Yesterday, AcuityAds reported its Q1, 2015 results. The company lost $1.43-million on revenue of $3.04-million, a topline that was up 10% over the same period last year.
“We are delighted to have continued our revenue growth in Q1 2015, during a quarter that is typically the slowest in the advertising industry,” said CEO Tal Hayek. “Furthermore, as a result of investments made in earlier quarters, we saw our U.S. revenues grow by 54 per cent and our SaaS-based self-service revenues improve by 157 per cent year over year.
Churchill says AcuityAds has fast established itself as the dominant player in the Canadian programmatic real-time bidding online advertising market and has big upside despite the quarter-by-quarter ups and downs that might hinder a company of its size.

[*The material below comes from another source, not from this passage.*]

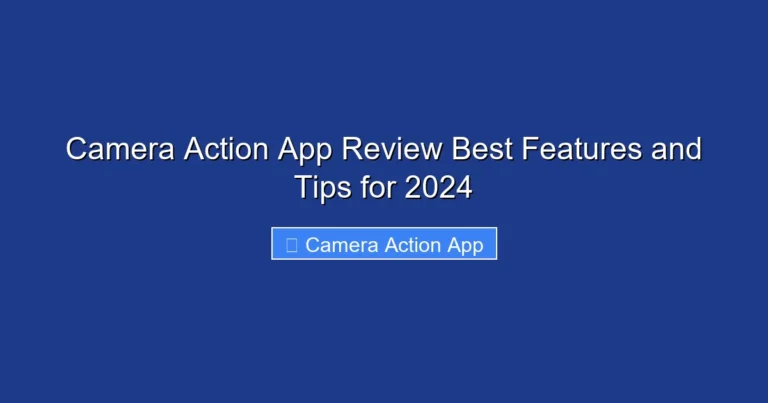 Camera Action App Review Best Features and Tips for 2024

“We are encouraged by continued strong growth in self-service and U.S. revenue, while margins were solid and opex has started to come down,” said the analyst. “The offset was a decline in total revenue growth to ~10% y/y from ~50% in Q3–Q4/14. However, we note that there remains some lumpiness in the business and the growth experienced in H2/14 came after 14% y/y revenue growth reported for Q2/14 (which was similar during the last financing). Hence, we do not believe one quarter makes a trend and remain confident that revenue growth should accelerate through 2015.”
In a research update to clients today, Churchill maintained his “Buy” rating and one year target of $1.80 on AcuityAds, implying a return of 150% at the time of publication.